TRIBUNNEWS.COM, JAKARTA - Kapolri Jenderal Badrodin Haiti angkat bicara soal
Koalisi Masyarakat Sipil untuk Reformasi Polri (KOREKSI) yang meminta Polri tidak lagi menerbitkan SIM dan STNK.
Menurut Kapolri, selama ini kewenangan Polri untuk menerbitkan SIM dan STNK dapat membantu pengungkapan kasus-kasus kejahatan.
Sehingga ia pun menepis anggapan dari KOREKSI yang menyatakan dengan mengurusi SIM dan STNK, tugas utama Polri terbengkalai.
"Itu kan (penerbitan SIM dan STNK) ada kaitannya juga dengan pengungkapan kasus kejahatan. Penerbitan registrasi bisa mengidentifikasi masalah kendaraan bermotor," katanya, Jumat (3/7/2015) di Mabes Polri.
Badrodin menambahkan, pada kasus bom Bali melalui identifikasi registrasi kendaraan yang sudah hancur berkeping-keping bisa diungkap.
Untuk diketahui, KOREKSI meminta Polri tidak menerbitkan SIM dan STNK. Menurutnya penerbitan dua surat itu seharusnya diberikan ke Kementerian Perhubungan.

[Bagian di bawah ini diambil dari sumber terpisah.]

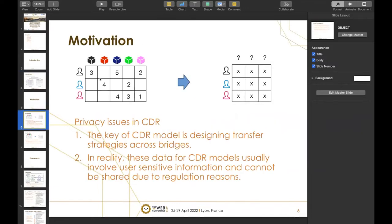Now the motivation for our work. There are privacy issues in CDR. The key for CDR models is to design transfer strategies across the bridges. In reality, data for CDR models usually involves user-sensitive information and cannot be shared due to regulation reasons. However, most existing CDR models assume information can directly transfer across the bridge, ignoring privacy issues and assuming all data are accessible to both domains, which is inconsistent with reality. Therefore, how to build CDR models while protecting data privacy becomes an urgent research problem.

Koordinator KOREKSI, Erwin Natosmal Oemar di Gedung Mahkamah Konstitusi, Rabu (1/7/2015) lalu mengatakan sebaiknya Polri fokus dengan tugas dan fungsinya sesuai dalam Pasal 30 ayat (4) UUD 1945.
Menurut Erwin, kewenangan Polri yang tercantum di dalam UU terkait penerbitan SIM dan STNK, berlawanan dengan konstitusi tersebut.
Atas dasar itulah, ia mengajukan permohonan uji materi dua Undang-undang sekaligus ke MK, yakni UU no 2 tahun 2002 tentang Kepolisian dan UU no 22 tahun 2009 tentang Lalu Lintas dan Angkutan Jalan terhadap UUD 1945.
"Akibat kewenangan ini, fungsi utamanya Polri terbengkalai. Kami bersama beberapa pemohon mencoba mendorong kepolisian ke arah lebih baik," ucapnya.
Erwin menambahkan Polri juga tidak mampu membuktikan tranparansi terkait penerbitan SIM dan STNK, setelah adanya revisi UU No 3 tahun 1965. Undang-undang itu, tidak memberikan kewenangan pada Polri untuk menerbitkan SIM.